1. It determines the amount of unfairness when we run out of data:
it's the maximum amount of extra data that the unlucky last worker can
finish up with after all the others have finished. I think this
effect is reduced by higher level factors: when a reader runs out of
data in one backend's file, it'll start reading another backend's
file. If it's hit the end of all backends' files and this is an outer
batch, Parallel Hash will just go and work on another batch
immediately.

2. It affects the read-ahead heuristics. On Linux, if the parallel
scan grain size is larger than the read-ahead window and some other
backend advances the block counter between your reads then the scan
looks like random IO. Suppose you have the default read-ahead window
size of 512kB. You need to hit a tuple over 256kB in size *and* be
unlucky enough to have multiple backends reading the same file
concurrently (which I try to avoid as discussed elsewhere) to befuddle
the read-ahead heuristics. If this is ever a problem we could
consider explicit read-ahead advice.

A couple of alternatives seemed like bad ideas: we could read the
chunk size from the chunk headers, but then each read would be
dependent on (ie have to wait for) the preceding read, like Parallel
(btree) Index Scan and unlike Parallel Seq Scan; or we could track
changes in chunk size in shared memory in a more sophisticated way
that allows decreasing, but that would no longer be small, simple and
fixed size as I have it.

Better ideas?

BTW this code is covered by the regression test.

> + /* Create the output buffer. */
> + if (accessor->write_chunk != NULL)
> + pfree(accessor->write_chunk);
> + accessor->write_chunk = (SharedTuplestoreChunk *)
> + palloc0(accessor->write_pages * BLCKSZ);
>
> Are we guaranteed to be in a long-lived memory context here?

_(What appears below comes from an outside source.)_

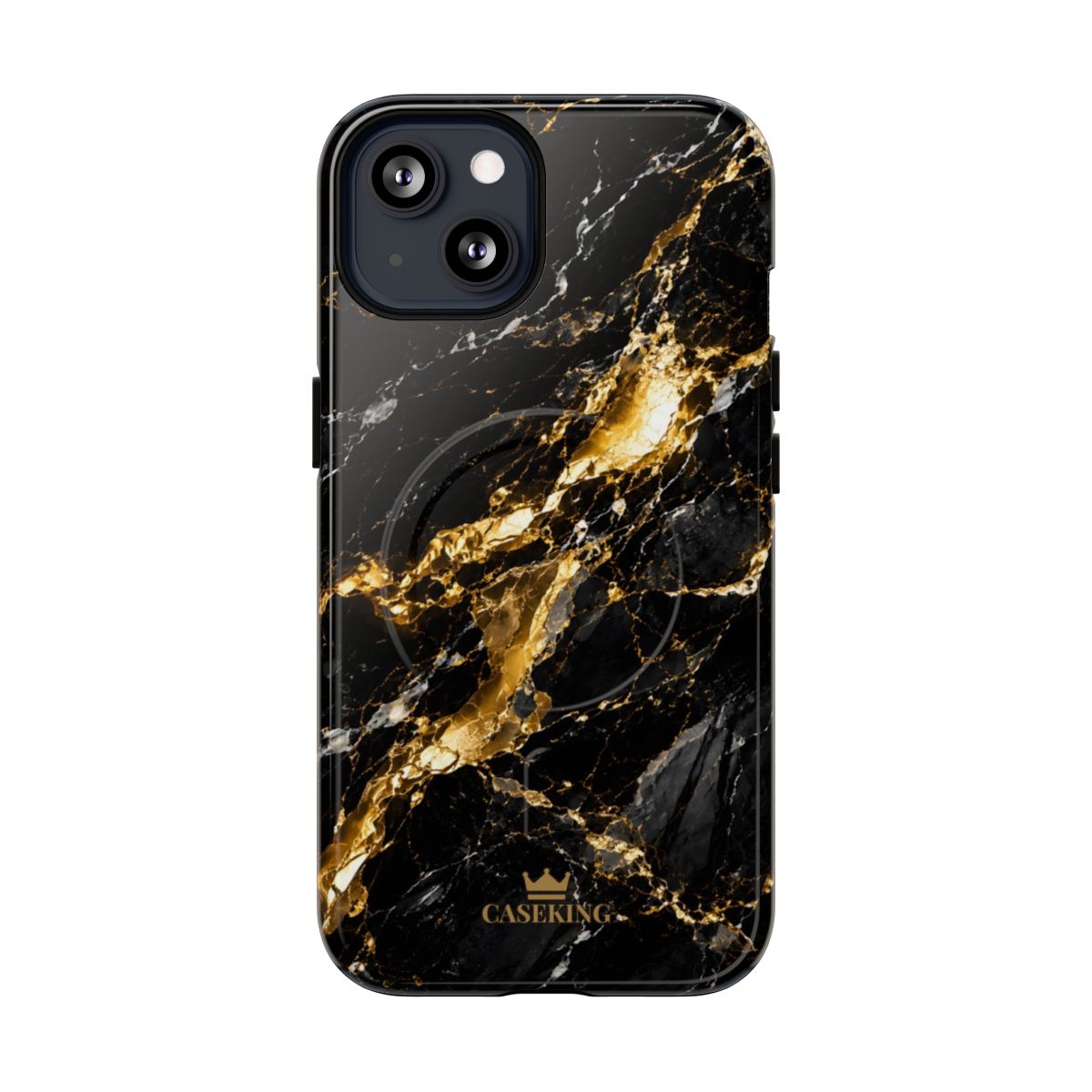 Midnight Black MagSafe-compatible tough case on iPhone 13, glossy finish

I changed it so that it captures CurrentMemoryContext when you
intialise or attach and uses that for allocating buffers.

> +/*
> + * Get the next tuple in the current parallel scan.
> + */
> +MinimalTuple
> +sts_parallel_scan_next(SharedTuplestoreAccessor *accessor, void *meta_data)
> +{
> + SharedTuplestoreParticipant *p;
> + BlockNumber read_page;
> + int chunk_pages;
> + bool eof;
> +
> + for (;;)
> + {
> + /* Can we read more tuples from the current chunk? */
> + if (likely(accessor->read_ntuples < accessor->read_ntuples_available))
> + return sts_read_tuple(accessor, meta_data);
>
> I'm not convinced this is a good use of likely/unlikely (not biased and
> not performance critical enough).

Removed.

> + /* Find the location of a new chunk to read. */
> + p = &accessor->sts->participants[accessor->read_participant];
> +
> + SpinLockAcquire(&p->mutex);
> + eof = p->read_page >= p->npages;
> + if (!eof)
> + {
> + /*
> + * Figure out how big this chunk is. It will almost always be the
> + * same as the last chunk loaded, but if there is one or more
> + * entry in the chunk expansion log for this page then we know
> + * that it doubled that number of times. This avoids the need to
> + * do IO to adjust the read head, so we don't need to hold up
> + * concurrent readers. (An alternative to this extremely rarely
> + * run loop would be to use more space storing the new size in the
> + * log so we'd have 'if' instead of 'while'.)
> + */
> + read_page = p->read_page;
> + while (p->chunk_expansion < p->chunk_expansions &&
> + p->chunk_expansion_log[p->chunk_expansion] == p->read_page)
> + {
> + p->chunk_pages *= 2;
> + p->chunk_expansion++;
> + }
> + chunk_pages = p->chunk_pages;
> +
> + /* The next reader will start after this chunk. */
> + p->read_page += chunk_pages;
> + }
> + SpinLockRelease(&p->mutex);
>
> This looks more like the job of an lwlock rather than a spinlock.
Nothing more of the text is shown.